(Crawled caption data)
• • • •
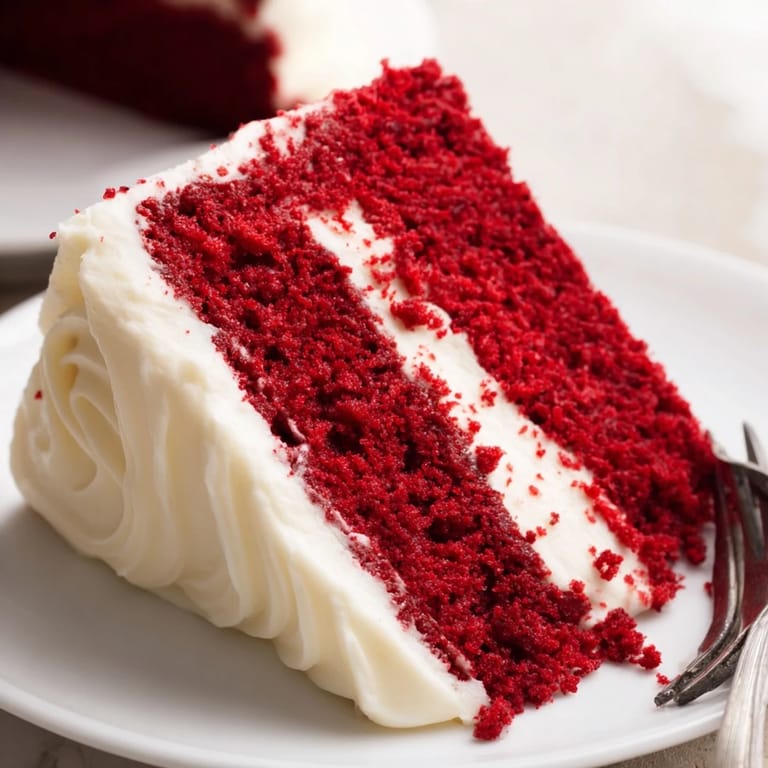 Decadent slice of Red Velvet Cake served on a white plate, showcasing velvety cocoa crumb and luxurious cream cheese frosting.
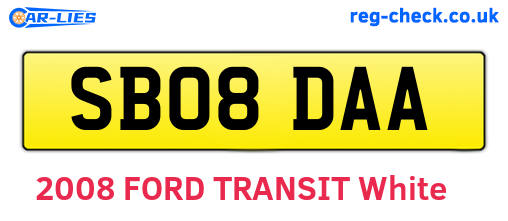 SB08DAA are the vehicle registration plates.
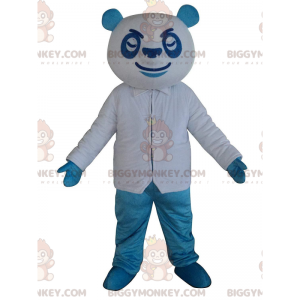 Costume da mascotte BIGGYMONKEY™ panda blu e bianco, costume da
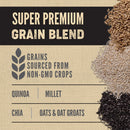 Super premium grain blend label with grains on a brown background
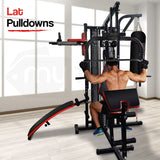 Proflex Red Multi Station Home Gym Set with 100lbs Plates & Boxing Bag- M9500 - Close-Up Angle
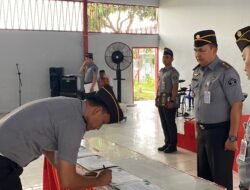 Pegawai Lapas Narkotika Kelas IIA Bandar Lampung Tanda Tangan Komitmen Kerja dan Bangun Zona Integritas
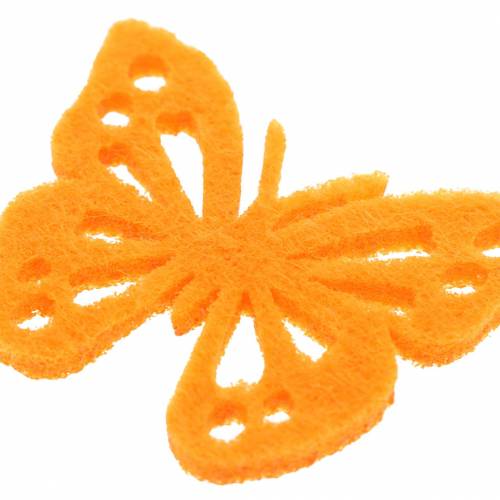 Floristik24 Vilt vlinder tafeldecoratie geel groen oranje assorti 3.5x4.5cm 54 stuks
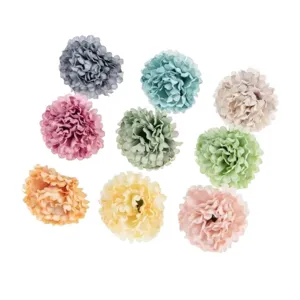 Colorful artificial chrysanthemum silk flower heads for DIY wedding crafts accessories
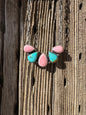 Turquoise & Pink Conch Bar Necklace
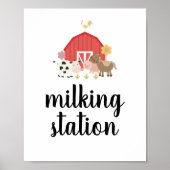 Melkstation boerderij Birthday Party Poster (Voorkant)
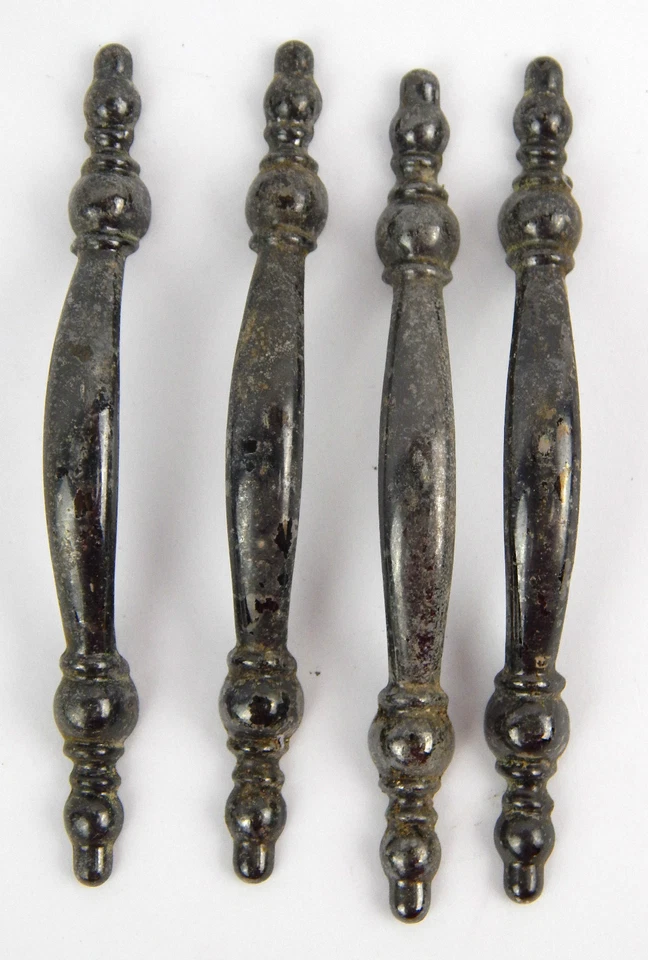 Juego de 4 tiradores/manijas de cajón vintage recuperados de 5" color níquel envejecido Foto 2 de 4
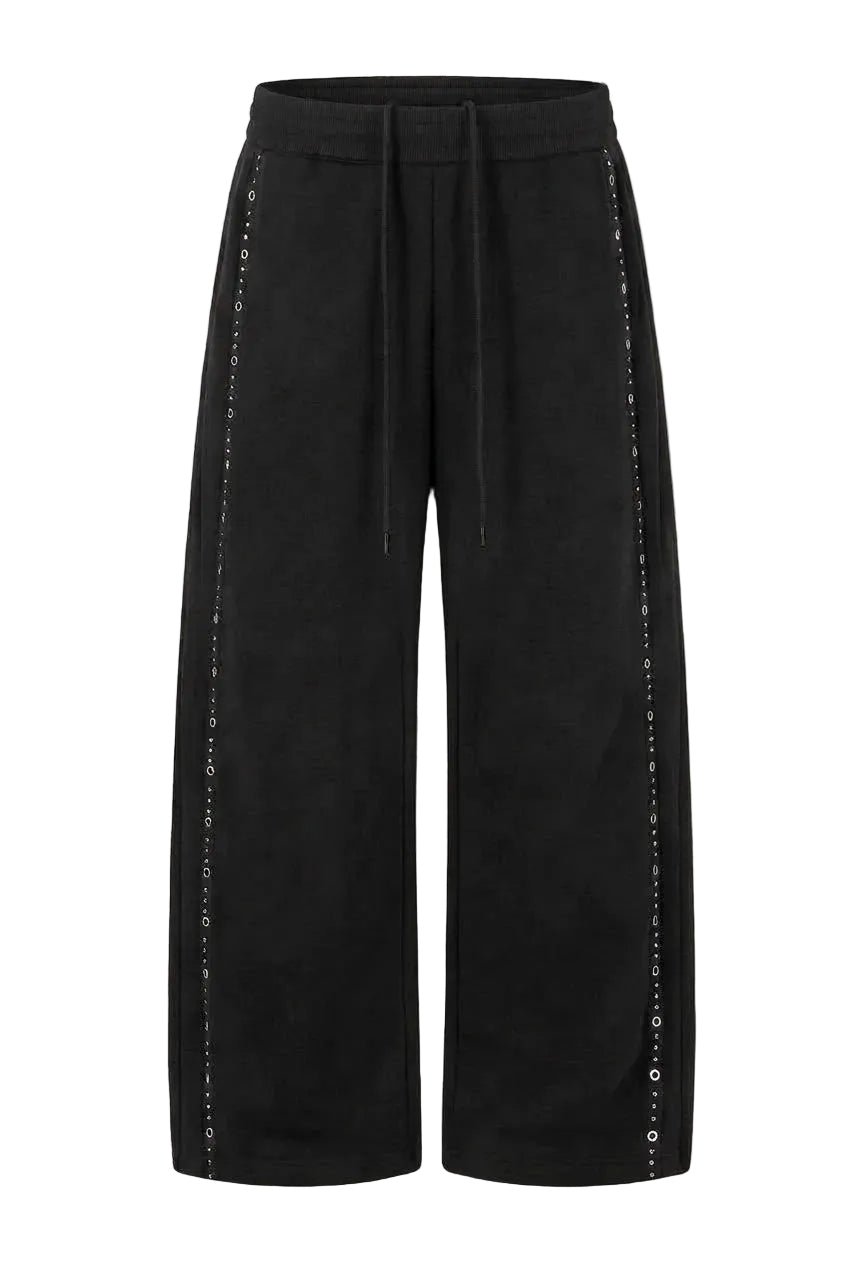 Metal Eyelet Wide Sweatpants
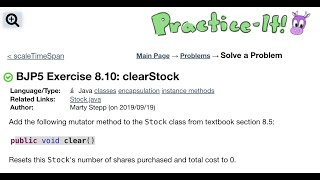 Java Practice It | Exercise 8.10 clearStock | classes, instance methods
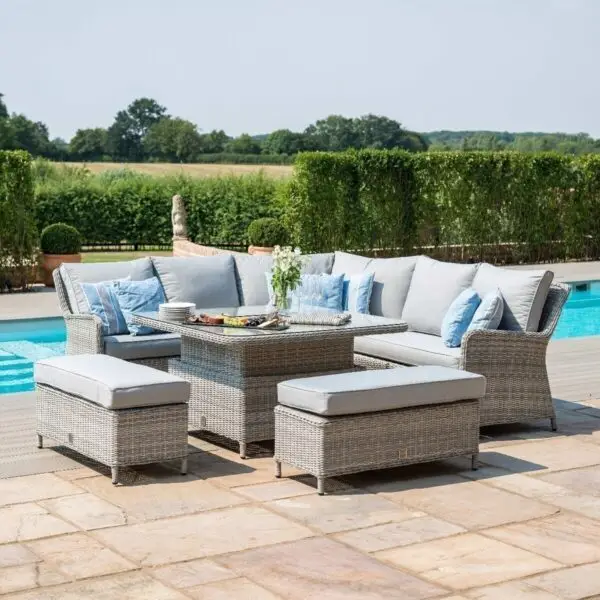 Oxford Royal Rattan Corner Dining Sofa Set with Ice Bucket & Rising Table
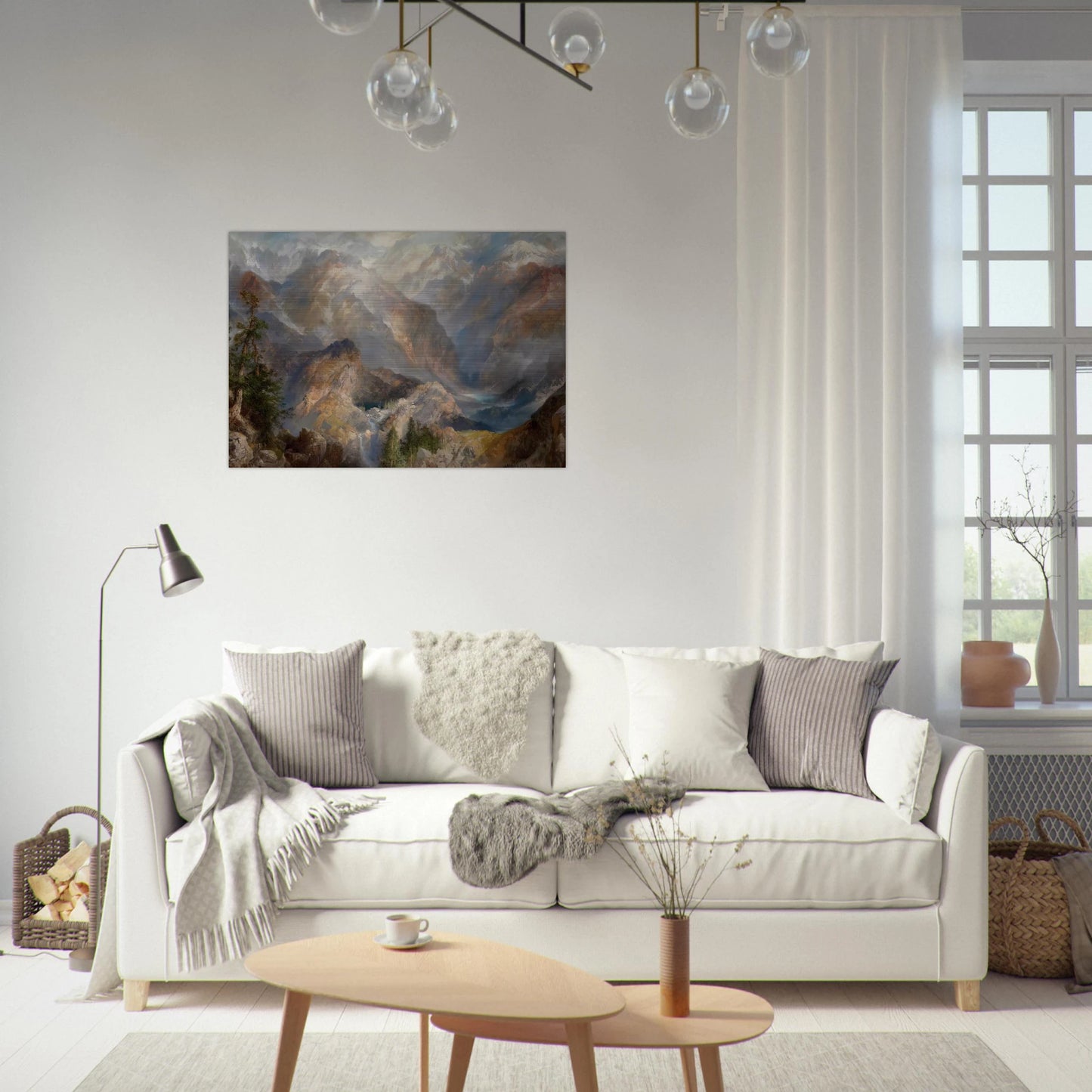 Morning in the Sierras, Nevada - Thomas Moran Brushed Aluminum Print - 70x100 cm / 28x40 inches | Thomas Moran Aluminum Print | Thomas Moran Prints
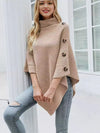 Women's Button-Decor Turtleneck Poncho Pullover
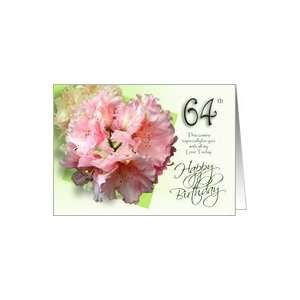  64th Happy Birthday   Pink Rhododendron Card: Toys & Games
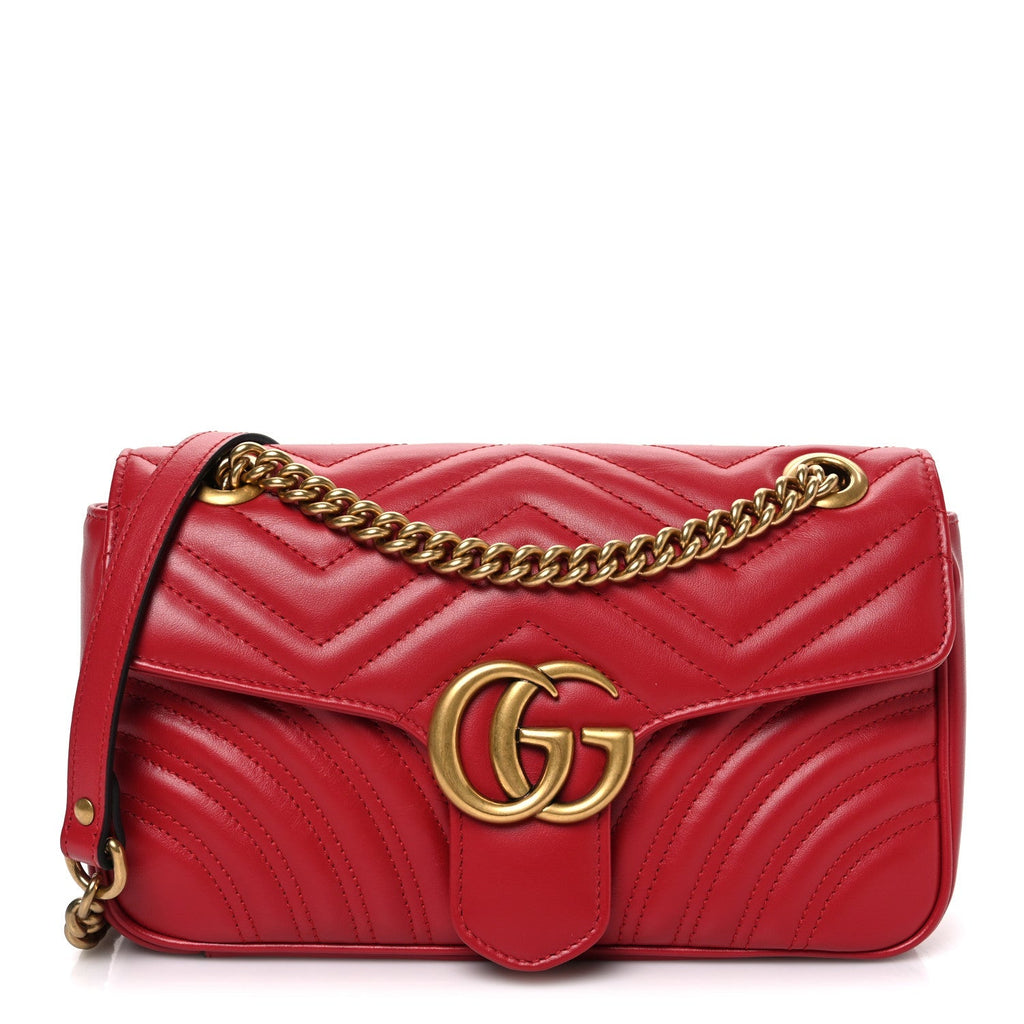 Calfskin Matelasse Small GG Marmont Shoulder Bag Hibiscus Red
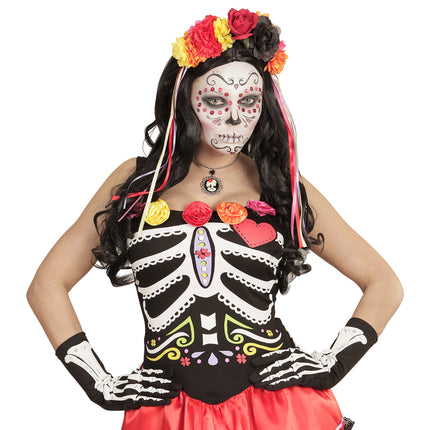Guanti di Halloween Scheletro 35 cm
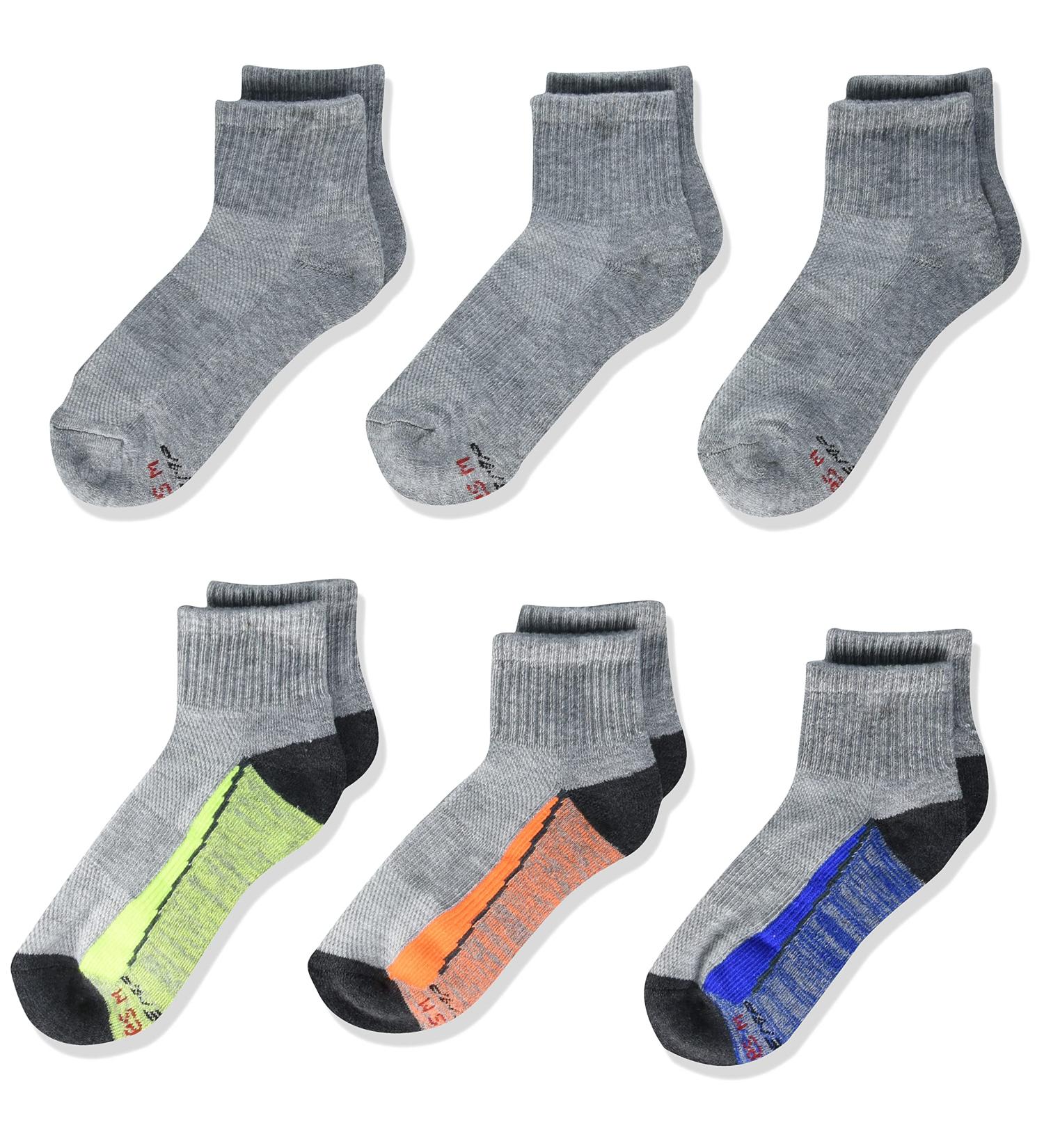 Hanes Boys' X-Temp 6-Pack Ankle Socks - Large Grey | Performance Comfort - Buy Online on GoSupps.com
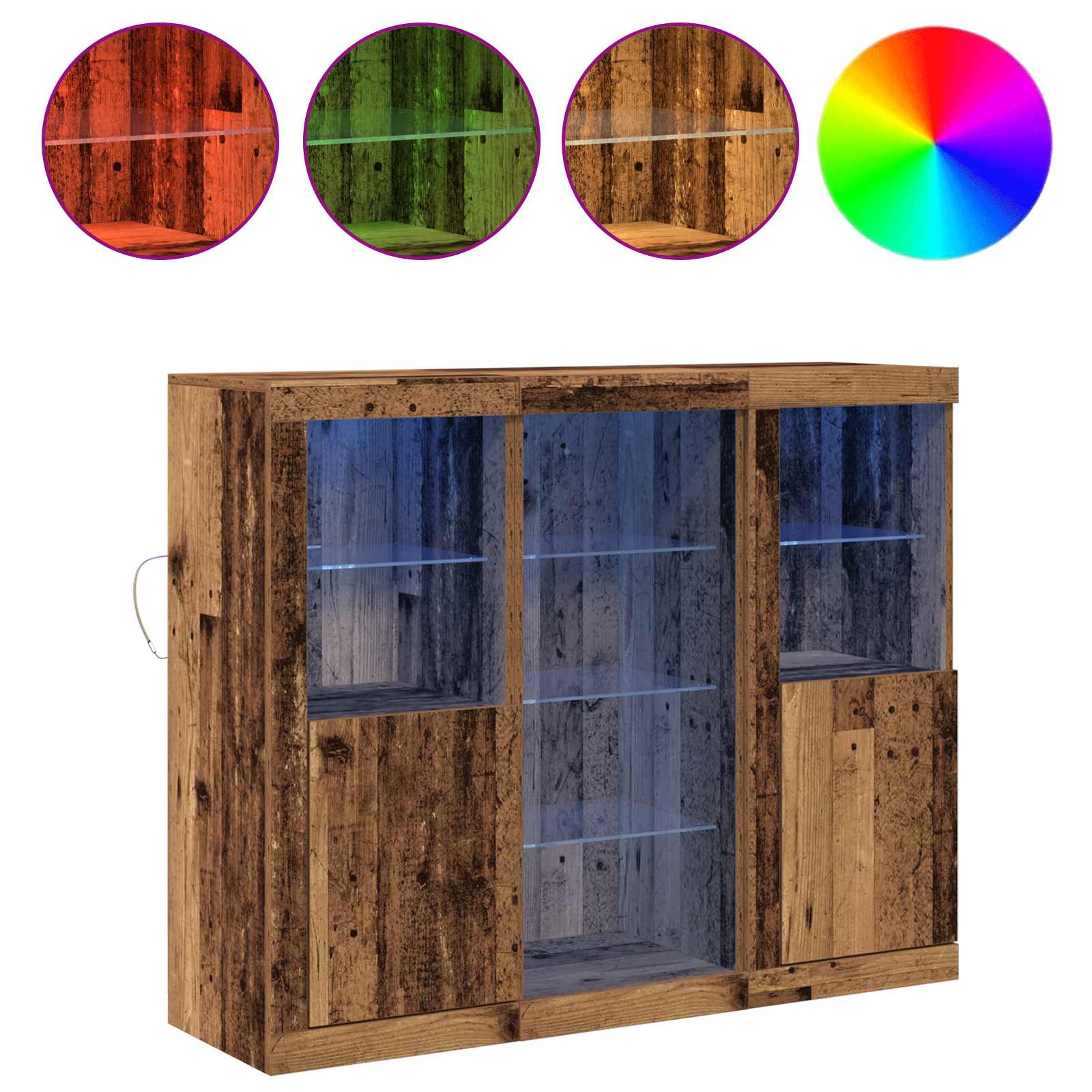Buffet LED Bois ancien 123 x 37 x 100 cm Bois d'ingénierie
• • • •
Work instruction
Between and including the line with "Super premium grain" and the line with "Guanti di Halloween Scheletro 35 cm", repeat every line exactly as it appears above, with pictures left out.

Response
 Super premium grain blend label with grains on a brown background
 Proflex Red Multi Station Home Gym Set with 100lbs Plates & Boxing Bag- M9500 - Close-Up Angle
 Pegawai Lapas Narkotika Kelas IIA Bandar Lampung Tanda Tangan Komitmen Kerja dan Bangun Zona Integritas
 Floristik24 Vilt vlinder tafeldecoratie geel groen oranje assorti 3.5x4.5cm 54 stuks
 Colorful artificial chrysanthemum silk flower heads for DIY wedding crafts accessories
 Turquoise & Pink Conch Bar Necklace
 Melkstation boerderij Birthday Party Poster (Voorkant)
 Juego de 4 tiradores/manijas de cajón vintage recuperados de 5" color níquel envejecido Foto 2 de 4
 Metal Eyelet Wide Sweatpants
 Java Practice It | Exercise 8.10 clearStock | classes, instance methods
 Oxford Royal Rattan Corner Dining Sofa Set with Ice Bucket & Rising Table
 Morning in the Sierras, Nevada - Thomas Moran Brushed Aluminum Print - 70x100 cm / 28x40 inches | Thomas Moran Aluminum Print | Thomas Moran Prints
 Women's Button-Decor Turtleneck Poncho Pullover
  64th Happy Birthday   Pink Rhododendron Card: Toys & Games
 Calfskin Matelasse Small GG Marmont Shoulder Bag Hibiscus Red
Guanti di Halloween Scheletro 35 cm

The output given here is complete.